Nous avons plusieurs corps de mémoire. Je travaille essentiellement sur le corps des vies antérieures (phase 3) et le corps des émotions anciennes (phase 4). Les blessures présentes sur ces corps résultent généralement de fragmentations d'âmes dans une vie antérieure. Les corps de mémoire ne portent pas de trace d'évènements de notre présent. Seuls les éléments les plus marquants de nos vies passées sont consignés dans ces corps énergétiques.
La fragmentation d’âme est une notion sur laquelle les chamans travaillent beaucoup.
Lors d’un évènement traumatisant, une part énergétique de notre être se fige et reste bloquée dans cet évènement. Ces traumatismes sont très variés. Ca peut être un accident, une agression, une peur intense, la perte d'un être cher, la douleur d’un accouchement… Ce processus permet à notre âme, donc à nous, de continuer à vivre, avec parfois une forme d'amnésie, surtout si ça s'est passé dans l'enfance.
Cette séparation créé un manque en nous, un vide. Dans notre vie actuelle, nous avons l'impression de ne pas être entier, ce qui est le cas puisque nous sommes amputés de nombreux fragments.
Par ailleurs, ces fragments d'âme bloqués dans des traumatismes anciens peuvent être à l'origine d'angoisses, voire de phobies, comme j'ai pû le constater au cours de différents soins. Ces fragments d'âmes sont à la fois figés dans un temps et un lieu différents, et à la fois reliés à nous puisqu'ils sont des parts de nous-mêmes. Ils sont en souffrance depuis la fragmentation. Et la souffrance permanente de ces parts de nous-mêmes vibre en nous au quotidien.
Il faut donc aller les chercher et les réintégrer pour redevenir entier et dissiper ces angoisses inexplicables que nous portons parfois.
Je travaille spécifiquement sur les traumatismes vécus dans les vies antérieures.
Si vous pensez avoir vécu, dans votre vie actuelle,
des traumatismes ayant pu provoquer des fragmentations d'âme,
je vous invite à consulter un ou une autre chaman pour une séance de recouvrement d'âme.

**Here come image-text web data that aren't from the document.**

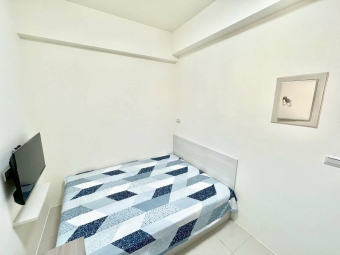 可租補☆可貓寵☆全新未住☆電梯套房（第3張）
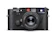 Leica徠卡 底片旁軸相機 1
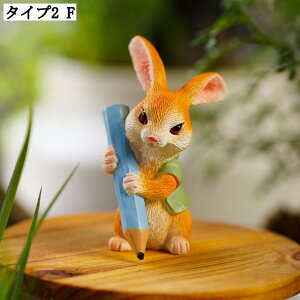 K[fIuWF W  u ObY K[fjO u JG }CNi ̏ IVȃK[fjOu 킢 G 낢u | K[fI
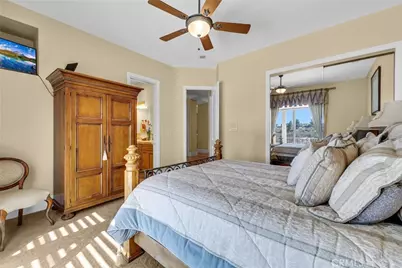 38525 Via De Oro, Temecula, CA 92592 - Photo 39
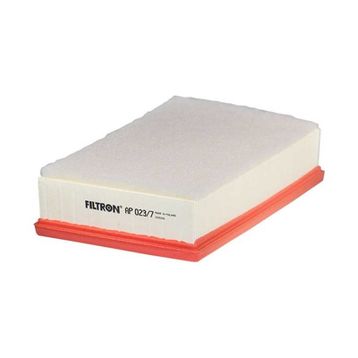 Filtron AP023/7 Hava Filtresi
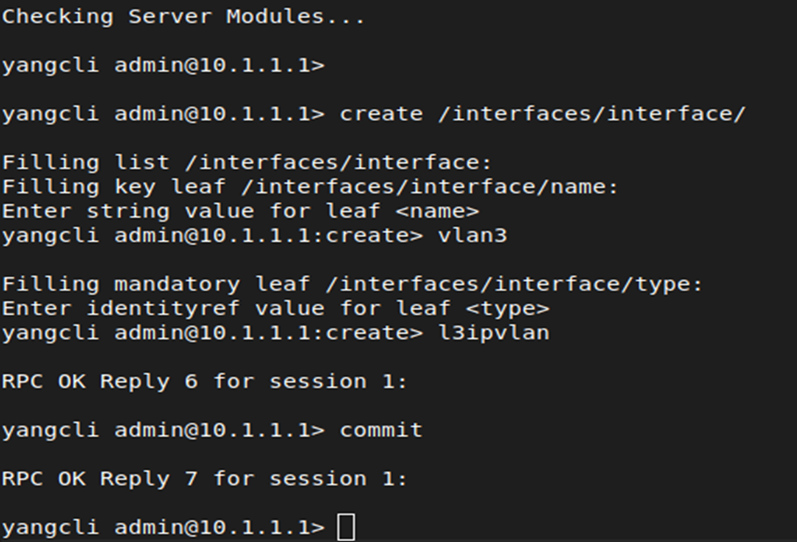 Разберем по винтикам коммутатор для ЦОД «Аттика-5960М» - 5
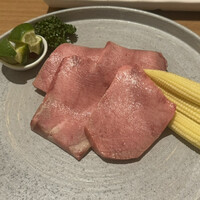 焼肉 水谷 - 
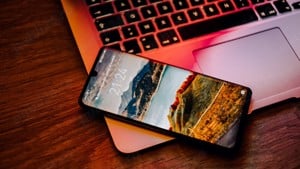 Cumpar, telefoane in Timisoara, diferite modele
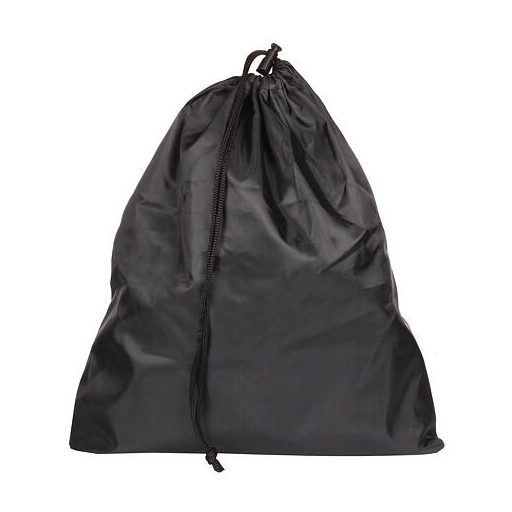 Boxing Band szett ellenállás kötél szett zöld változat 40551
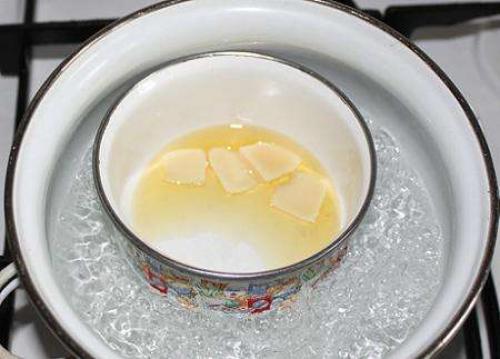 Тушь из активированного угля. Как сделать в домашних условиях тушь для ресниц из активированного угля своими руками?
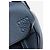 Loewe Sac Puzzle medium bleu - vue 13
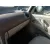 CITROEN XSARA PICASSO '2005 1.6 HDI 110 EXCLUSIVE GRIS
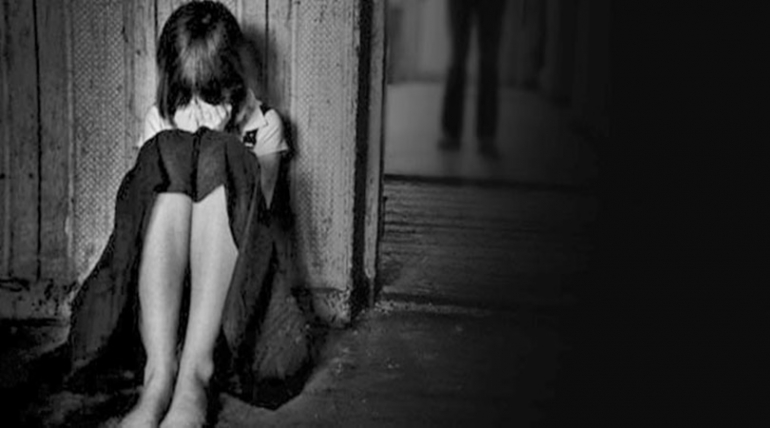 Abuso infantil, una dolorosa realidad que nos conmueve a todos los riojanos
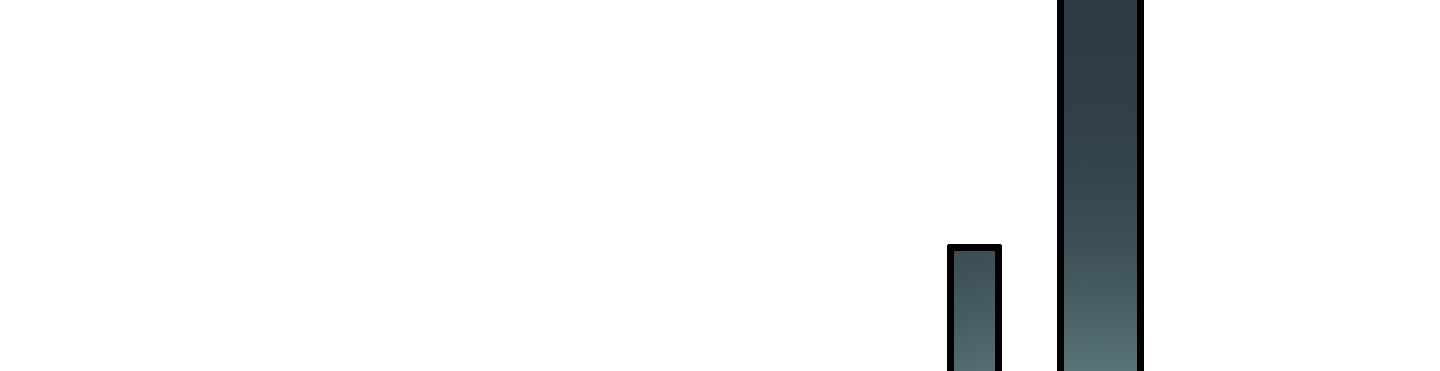 dear door chapter 115 154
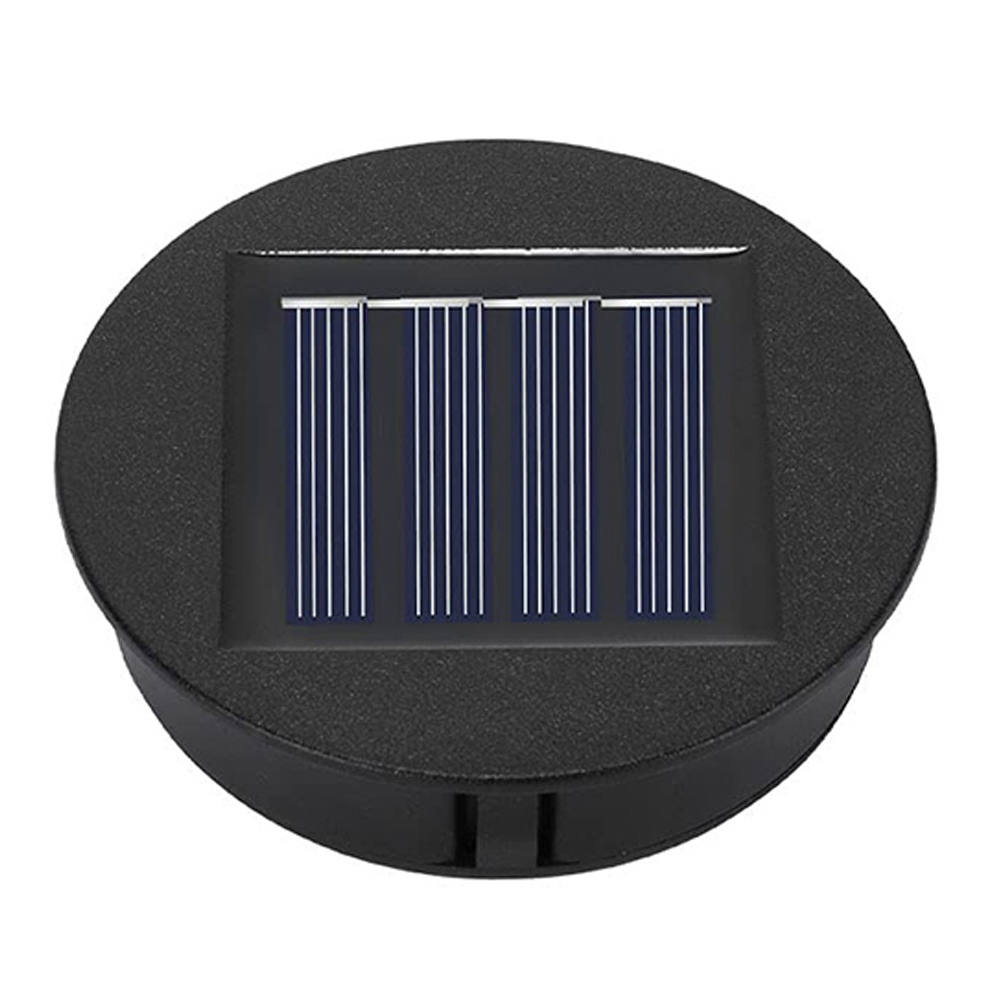 Солнечная панель для фонаря 1. – обзор и цена Outdoor Lighting Switch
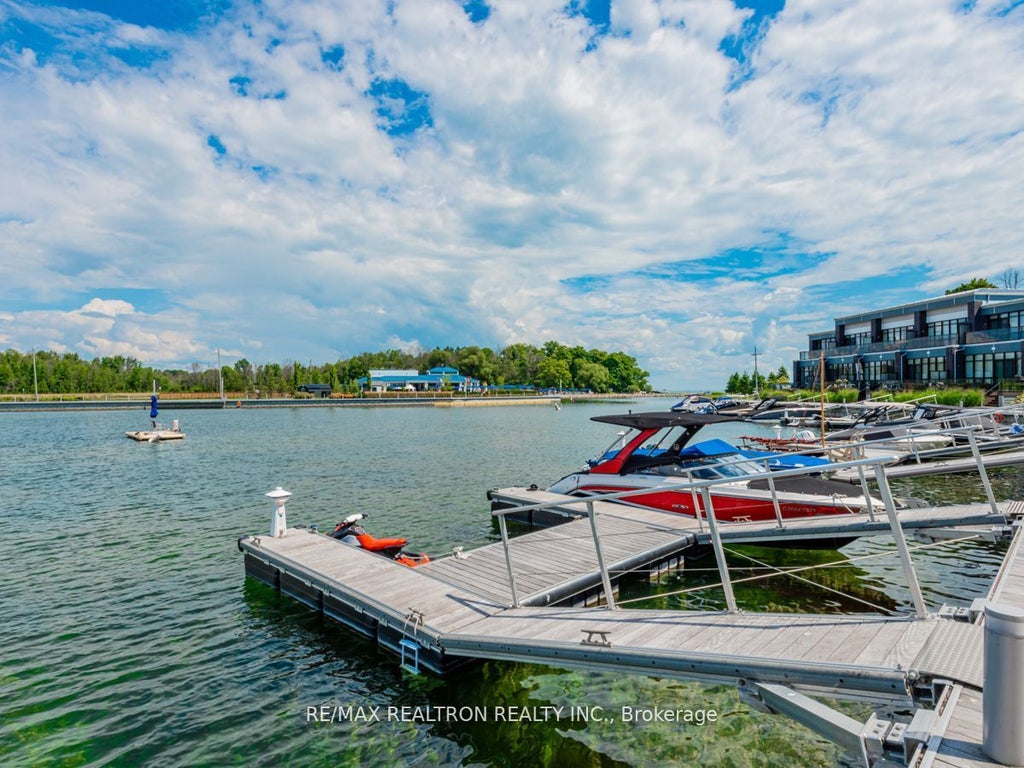 3525 Riva Avenue, Innisfil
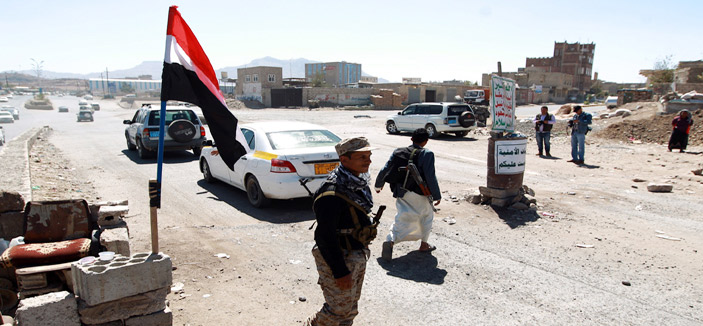 إحباط أكبر مخطط إرهابي لتنظيم القاعدة في اليمن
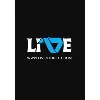 Live Stores Live Stores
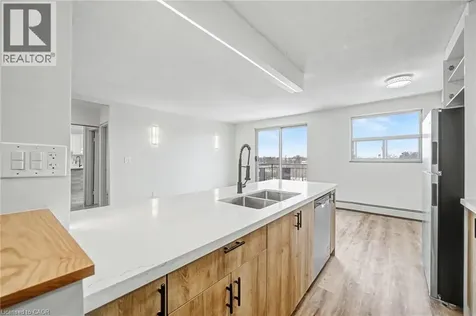 41 Sutherland Street Caledonia ON N3W 1L1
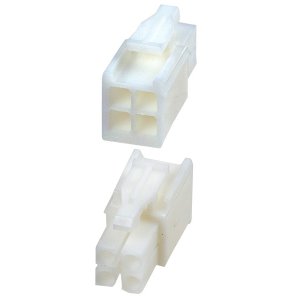 172167-1 от магазина РЭССИ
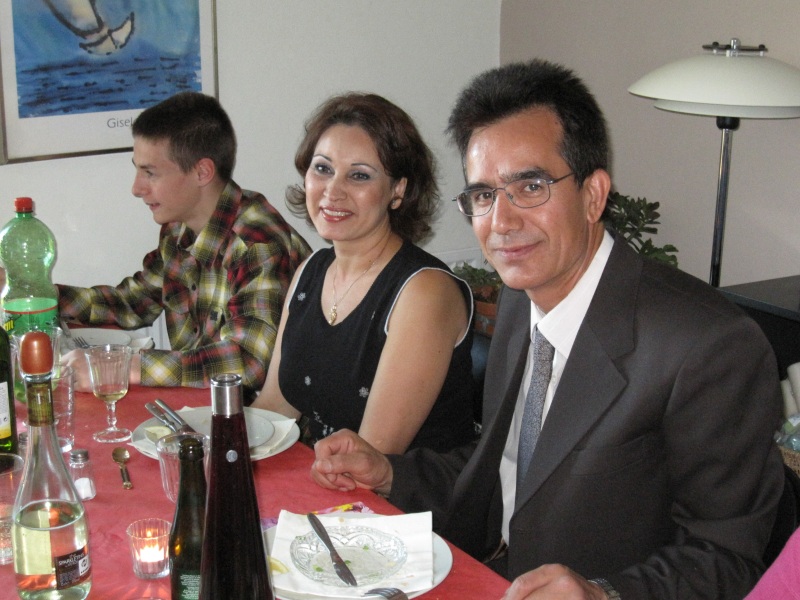 2011-Marias-fødselsdag-109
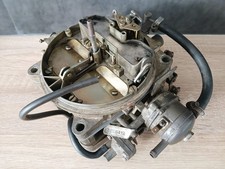 Carburatore BMW Marine 1326412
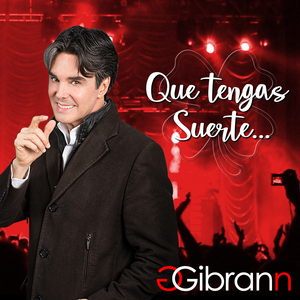 Cómo Te Quiero Mi Amor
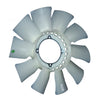 Radiator Fan Blade Aftermarket suits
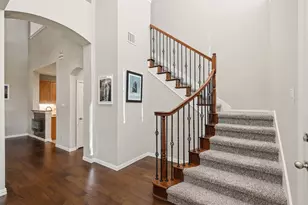 1724 Brookview Dr, Carrollton, TX 75007 - Photo 25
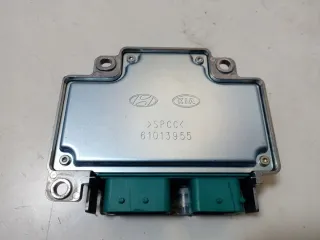95910-2T410 Блок AirBag Kia Optima 3 Арт e6931421, вид 2
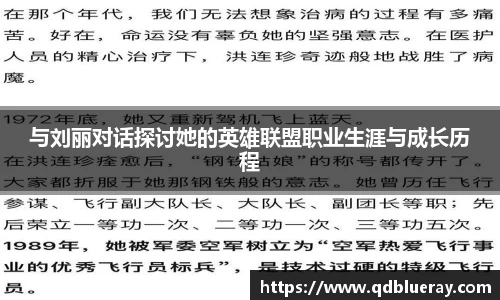 3377体育官网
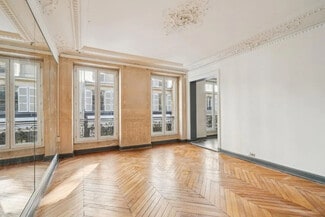 More details for Flex for Lease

Le corps des vies antérieures se présente à moi comme le corps d'un être humain. Il porte des traces d'évènements "assez récents" (généralement moins de 500 ans). On y trouve surtout des blessures, comme des entailles, des fractures... Mais on peut aussi y voir des choses qui ont été importantes pour nous dans une autre vie, comme des vêtements, une bague de fiançailles, des tatouages...
Comment je procède :
* Quand j'arrive sur ce corps, je décris tout ce que je vois. Ces éléments correspondent à des évènements et des vies différentes. Mais je les vois tous juxtaposés sur un seul et même corps.
* Une fois ma liste établie, je commence à travailler sur un élément. Je bascule alors dans l'épisode concerné, dans une vie antérieure. J'assiste à la scène. J'ai parfois une date, un lieu, un nom.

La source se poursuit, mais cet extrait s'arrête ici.